The Alex Salmond Show will air each Thursday beginning next week and will mix current affairs discussions with “friendly exploration” into invited guests.
His choice of channel to host the show sparked a heated reaction as RT is funded by the Kremlin and is widely seen as a propaganda tool for Vladimir Putin.
Speaking on the BBC’s Newsnight programme, the former First Minister said people should actually watch The Alex Salmond Show before deciding whether or not it is “Kremlin propaganda”.
Salmond argued he has “full editorial control” of the show but was then asked by host Kirsty Wark if his presence on the channel would “lend credibility to RT regardless of the content of his show.
He replied: “It would be a great idea if people watched the show and if it’s a good show and it has high production values and has interesting guests with interesting things to say they should say it’s a good show.
“And if it turns out to be Kremlin propaganda then people can slate me but why don’t they watch the show first and then decide.”
People did not appear to be convinced.
WHY IS RT SO CONTROVERSIAL?
The channel is funded by the Russian Government and its defenders, particularly those in the West, will point out that the BBC is also part-funded by the UK Government and as such the two are somehow comparable.

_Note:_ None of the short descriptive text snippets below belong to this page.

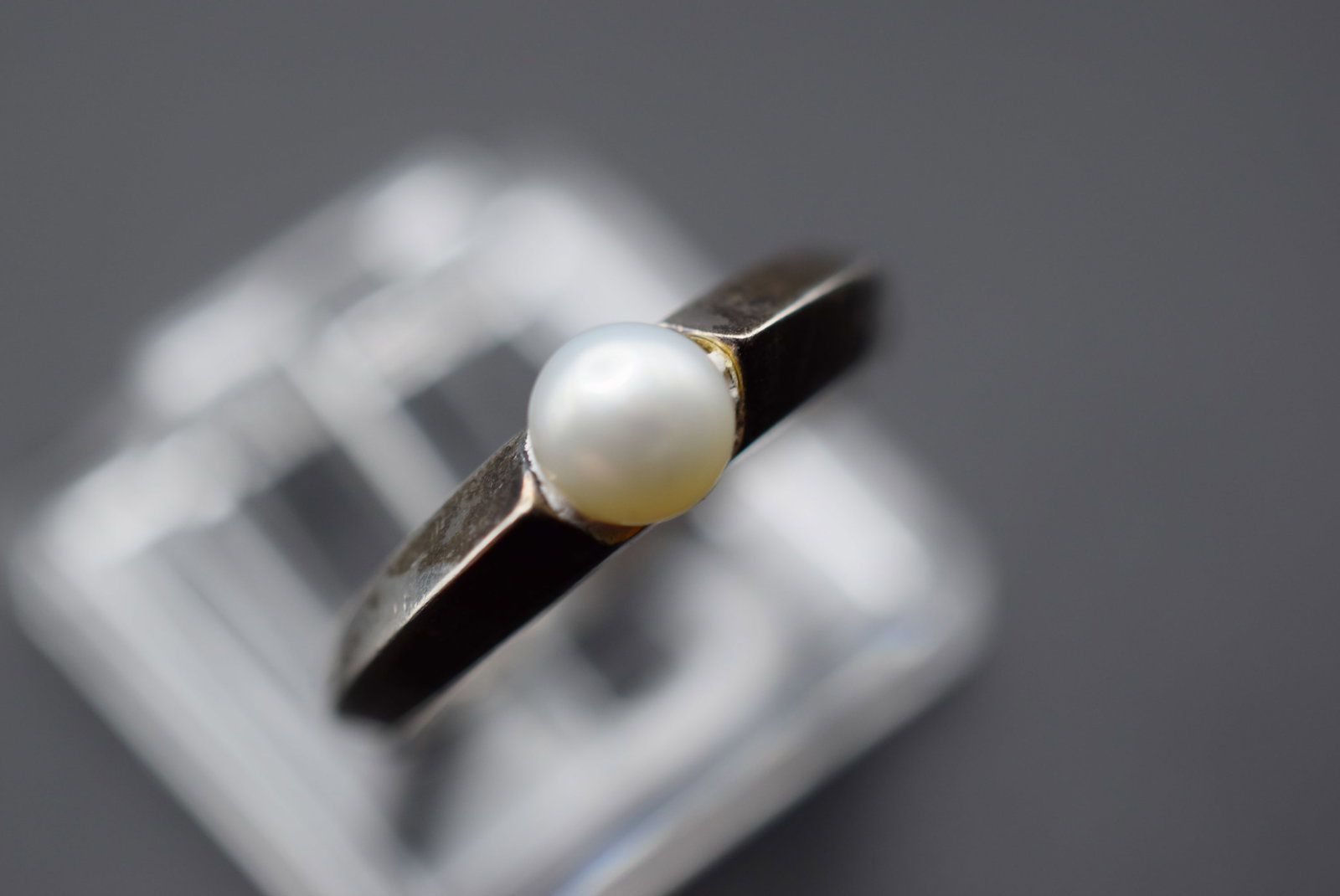 Genuine Pearl Sterling Silver 925 Ring Size 5 Lot GJ 725: Genuine Pearl Sterling Silver 925 Ring Size 5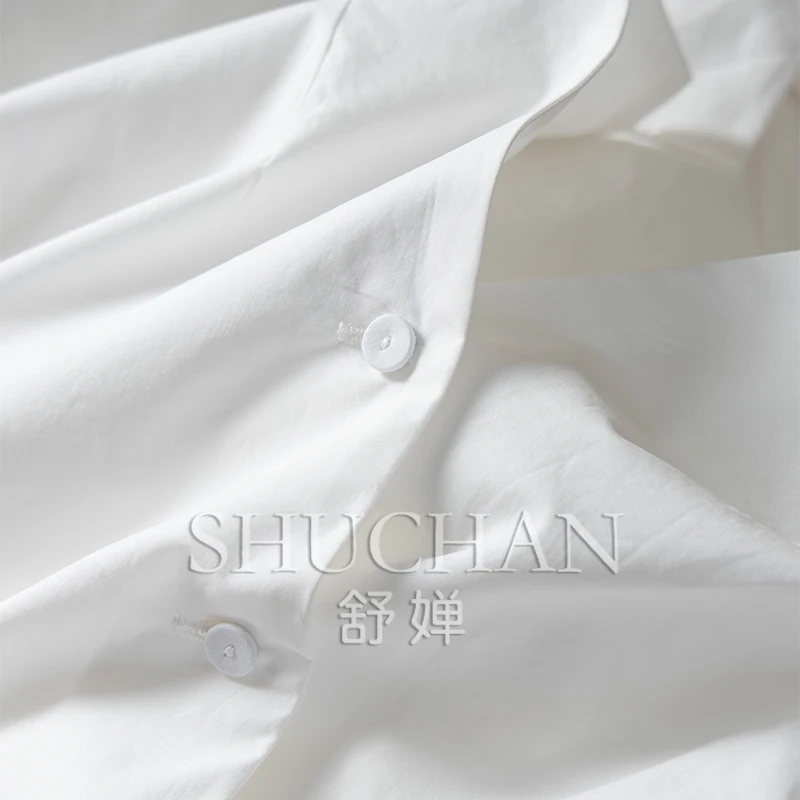 Phoenix Embroidery New 2024 White Shirts for Women Loose 100% Cotton Blusas Mujer De Moda Verano Elegantes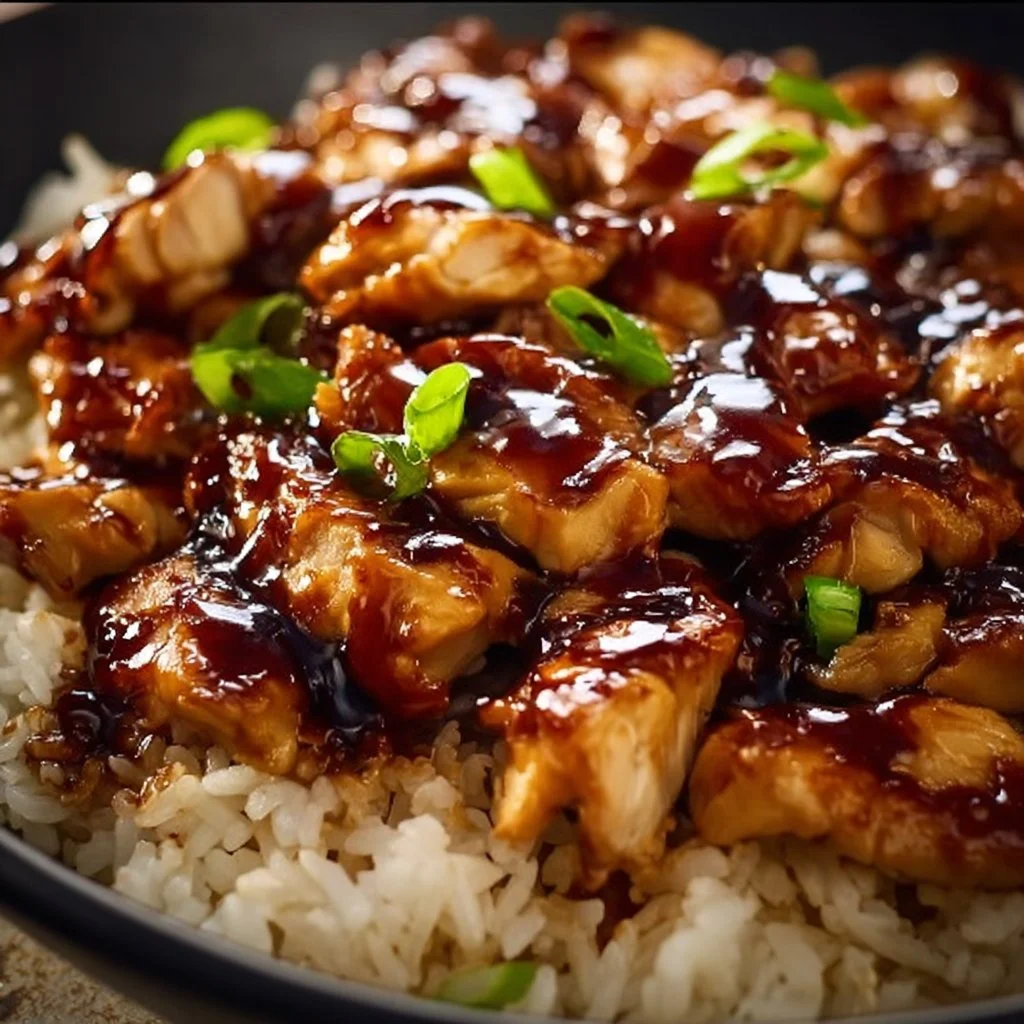 Honey BBQ Chicken Rice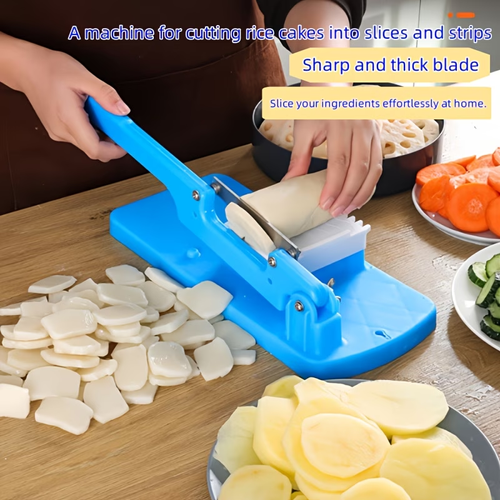 1pc Multi-Functional Food Slicer - Easy Assembly, Detachable for Frozen Meat, Potatoes, Bananas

But to understand the role of RT you have to look at the wider media landscape in Russia. Whereas the UK is a thriving democracy in which dissent and opposition voices flourish, Russian media is tightly controlled and those who oppose the Government of Vladimir Putin are routinely jailed, found dead in mysterious circumstances or forced to flee abroad.
Upon the establishment of RT’s new parent organisation, Rossiya Segodnya, in 2013, Putin’s spokesman said: “The tool of propaganda is an integral part of any state. It is everywhere. And Russia should use it as well. Propaganda in the good sense of the word.”
PRESS FREEDOM IN RUSSIA
Russia consistently ranks amongst the lowest countries in the world for press freedom and has been heavily criticised by Human Rights Watch, Reporters Without Borders, the US State Department, the International Press Institute, the United Nations Human Rights Committee, and Freedom House, to name just a few.
DEATHS OF JOURNALISTS
38 journalists have been murdered in Russia since 1992, all but five were investigating corruption, politics, crime, business, war or human rights abuses.
In many of the cases, most notably that of Anna Politkovskaya, the suspects behind the killings are Government-linked and have never been brought to justice.
For context, only one journalist has been killed in the UK during the same period, four in the USA, two in China even in Afghanistan, a country that has been at a near-constant state of war since 1992, the total is only 13.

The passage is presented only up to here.